My sister in law got a 2 year biz degree. You're qualified to be a secretary
(without experience). She went back and got LPN with an additional year at
school.

Her job outlook is amazing. Her income is 2 to 3 times what she could have
made with only her business degree.

Associated degree/some college includes a lot of things like child
care/business, etc.

------
scotty79
Our wealth has grown exponentially in recent decades but poor people still
work 9 to 5 or more.

Wealth is manufactured by machines not people.

Some generation has to close the gap between how wealthy society is and how
much average member of society has to work for same basic needs.

You can't make basic necessities cost always nearly same amount of work
because that work thanks to technology is producing more and more wealth.

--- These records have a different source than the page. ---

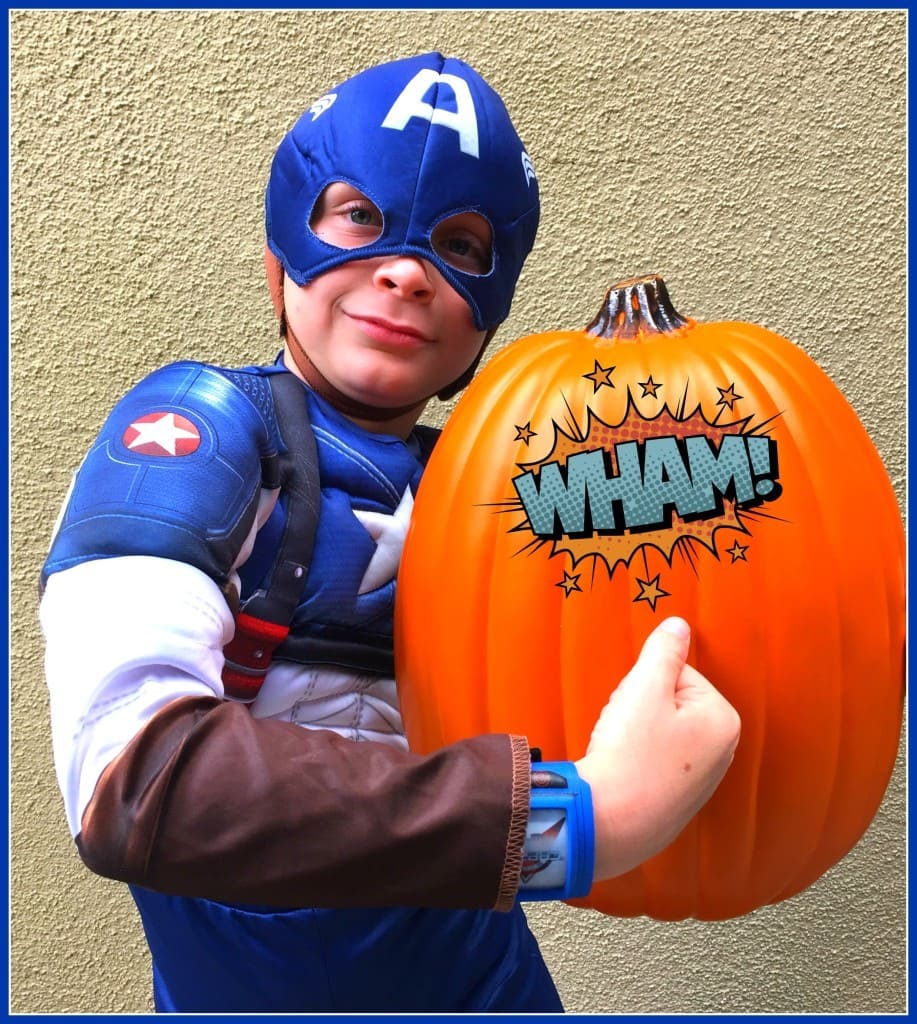 Marvel Avengers Halloween Costumes and Decorations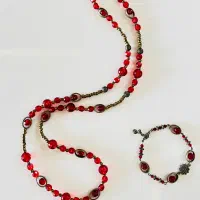 دستبند و بند عینک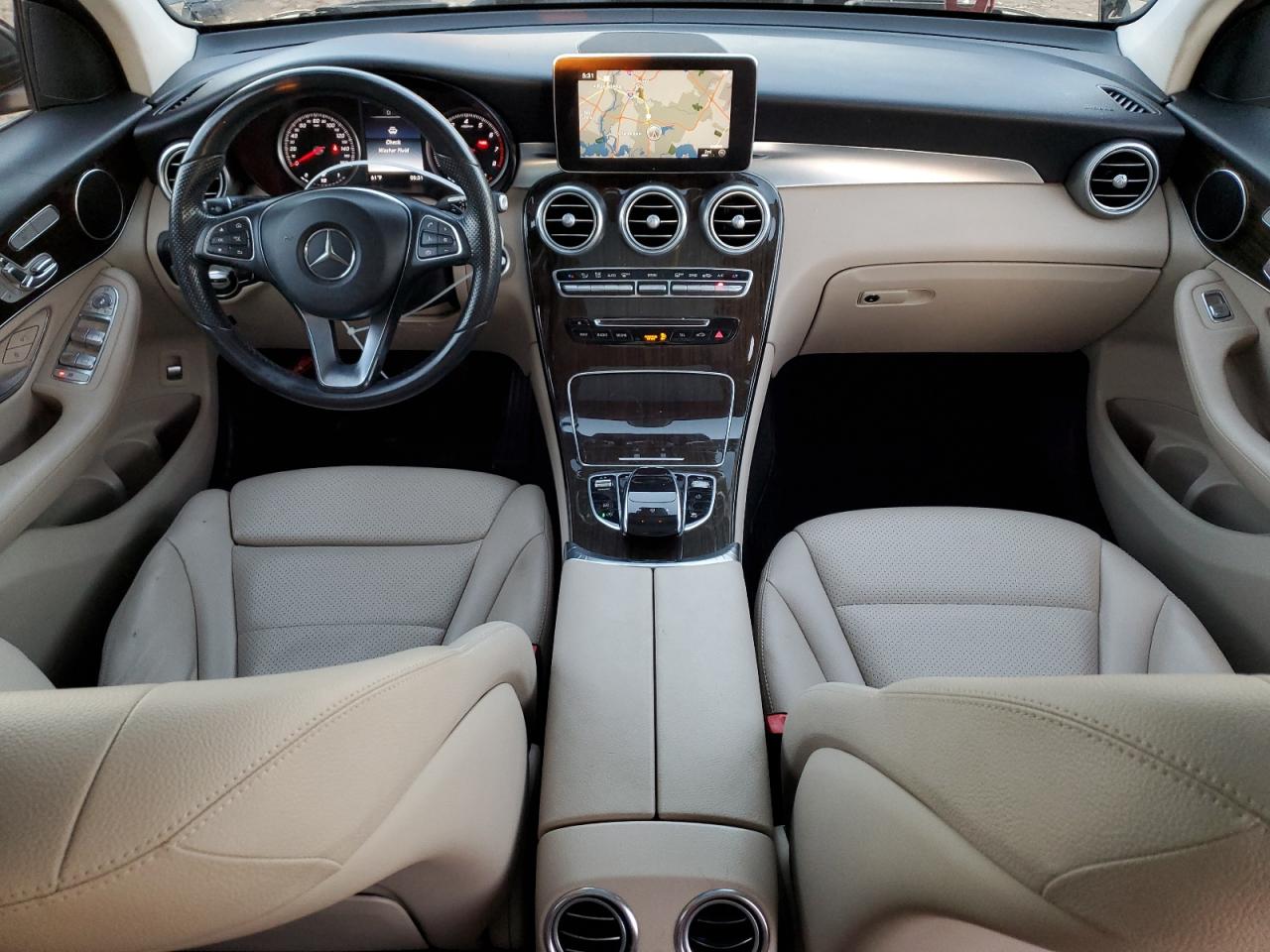 2016 Mercedes-Benz GLC - Image 8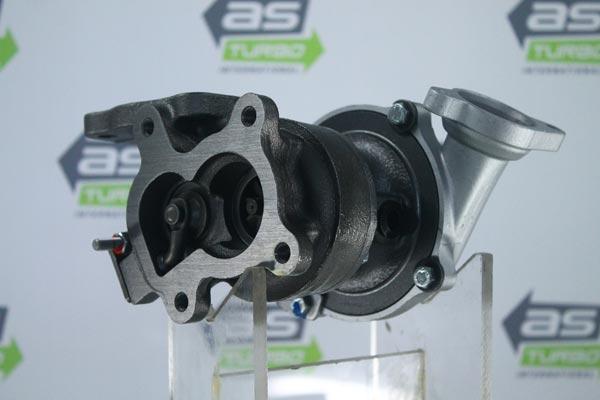 DA SILVA AS1019 - Turbocompresseur, suralimentation droxauto.com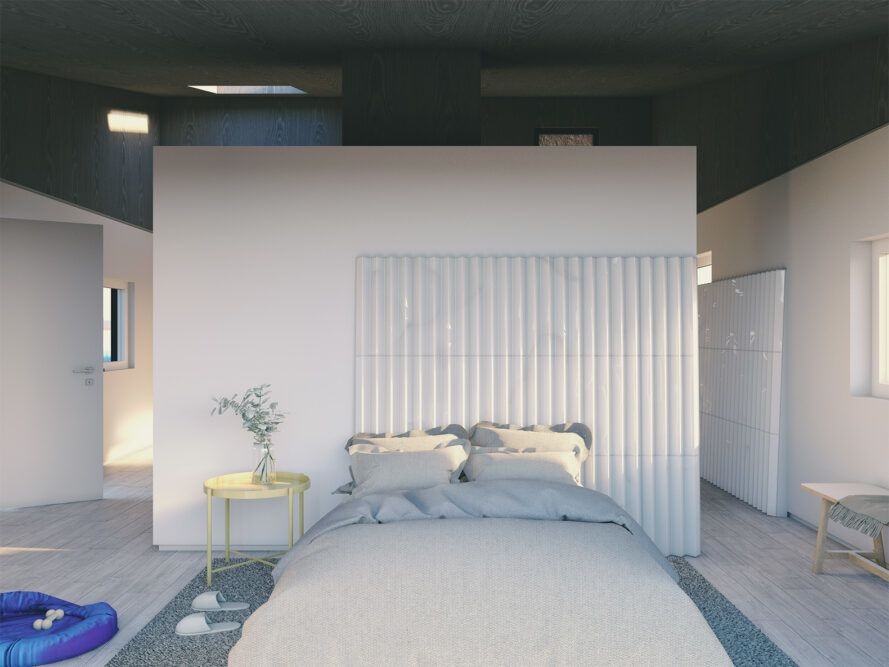 Una solución al problema de la vivienda en la capital de California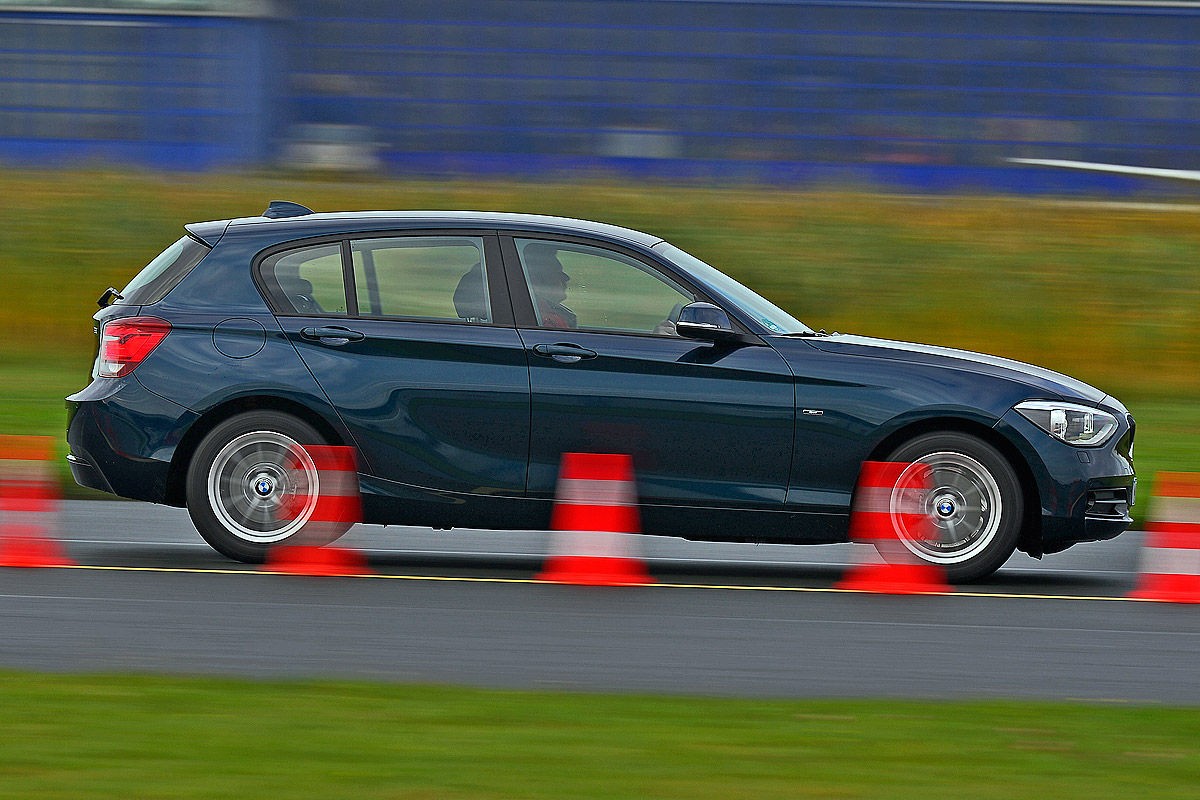 BMW 116d (116 KM)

You can't keep prices of meals to be higher than recent technological wonder.
Someone at some point will call bullshit on that. "My sandwich is not worth
same amount of wealth as 4GB flash thumb drive. They just want me to pay this
much for sandwich to keep me working because I need sandwich. I'll just pass
on working, buy cheapest food and see how this works out. They don't seem to
want me in their companies anyway."

This unemployed generation can be the first one to take advantage of wealth
humans get from technology en masse without need to cunningly trick everyone
else out of their share. They'll get their share just by being more or less
human dead weight that rich won't be able to shake off because they can't kill
them or even let them die because there's for the first time too many of them.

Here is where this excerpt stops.